Collected material:
********

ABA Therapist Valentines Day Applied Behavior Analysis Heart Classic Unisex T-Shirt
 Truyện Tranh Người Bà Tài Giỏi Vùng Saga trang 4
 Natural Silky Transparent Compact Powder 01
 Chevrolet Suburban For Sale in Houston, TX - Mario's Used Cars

********

What you are asked to do:
Copy the whole of the data above exactly.

Task answer:
ABA Therapist Valentines Day Applied Behavior Analysis Heart Classic Unisex T-Shirt
 Truyện Tranh Người Bà Tài Giỏi Vùng Saga trang 4
 Natural Silky Transparent Compact Powder 01
 Chevrolet Suburban For Sale in Houston, TX - Mario's Used Cars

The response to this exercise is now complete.